Avoid inflammatory language
In October, a JP Morgan employee, believed to be a private banker, was punched by an anti-government protester outside the firm’s Chater House office. The banker had been surrounded by photographers, and by protestors shouting “Go back to the mainland”. He had responded to them in Mandarin, at one point saying “We are all Chinese”. A Hong Kong trader told us at the time that it was unclear whether the man was referring loosely to people of Chinese descent or (more provocatively) to citizens of China. Either way, if avoidance of violence had been his priority, the banker may have been better off heading straight into his office without responding to the protestors.
Some banking professionals have done their best to disguise their participation in the lunchtime flash mob protests that have taken place in Central in recent weeks, worried about a backlash from workmates who don’t support the pro-democracy movement. “I don’t think my colleagues would agree that I left work to come here,” a young employee from a Chinese bank told Time last month. “I left my heels on so I can just take off the mask and be a normal worker again,” she said.
Don’t argue in English with the police
The Citi banker arrested in Central last month initially spoke Cantonese and told a policeman to search his wallet while covering his eyes after being pepper sprayed. But when he then spoke English to explain that his office was just 500 meters away, the policeman suddenly acted aggressively. “I tell you. I am [not a college graduate]. I have nothing to lose,” the policeman was heard saying in Cantonese, likely in response to the usage of English, which is considered a middleclass language in Hong Kong. “I will [expletive] arrest you. Don’t get arrogant. Don’t say useless things.” Meanwhile, American Samuel Bickett, a director in BAML’s anti-bribery and corruption unit, was reportedly arrested on Saturday after an argument and scuffle with a baton-carrying off-duty cop in an MTR station. The incident is not thought to be related to the protest movement, although the arming of off-duty police with batons is a new measure introduced in response to Hong Kong’s ongoing civil unrest.

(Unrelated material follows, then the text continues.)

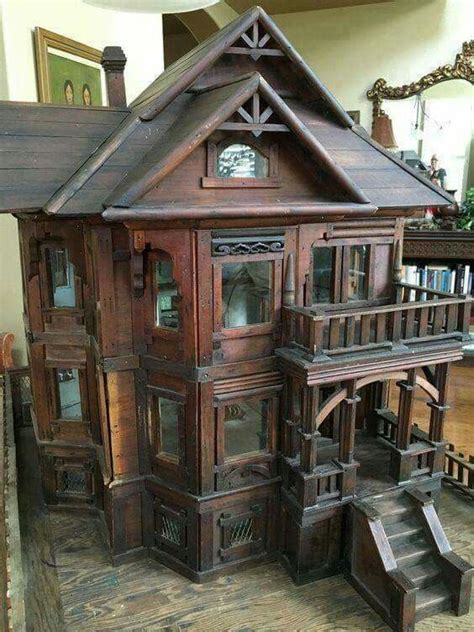 Victorian Doll House From The 1880s Victorian Dollhouse Miniature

Don’t get caught up in a violent protest
The arrested Citi banker was leaving work in the evening and was not caught up in a violent clash between police and protestors. His apparent lack of involvement may potentially spare him from dismissal, says a former HR director in Hong Kong. Bankers arrested in a violent protest (or even identified taking part in one) may not be so lucky. “If you’re charged with any illegal act, be it rioting or not, then a major financial institution is likely to look at your employment situation,” says Benjamin Quinlan, a former UBS banker who now runs a finance consultancy. A mainland Chinese partner at the Hong Kong office of an international law firm told the FT he would not recruit anyone who had taken part in violent protests. An employee from a Chinese brokerage in Hong Kong says managers have told staff that they’ll be fired if they participate in pro-democracy rallies, reports Bloomberg.
Lay low as an intern
Being identified as a supporter of the student-led protest movement is particularly perilous for interns at Chinese banks. HKU finance student Ryker Mou (not his real name) says he pretended to be sick one day during his recent internship at a mainland bank, so he could attend one of the big summer demonstrations. “My mentor there was a Hongkonger and he reminded me to be very careful and not to act in an obvious way,” says Mou. “The Chinese market provides the majority of deals for bankers and the majority of job opportunities for Hong Kong students, so we local finance students can’t always speak our minds,” he adds.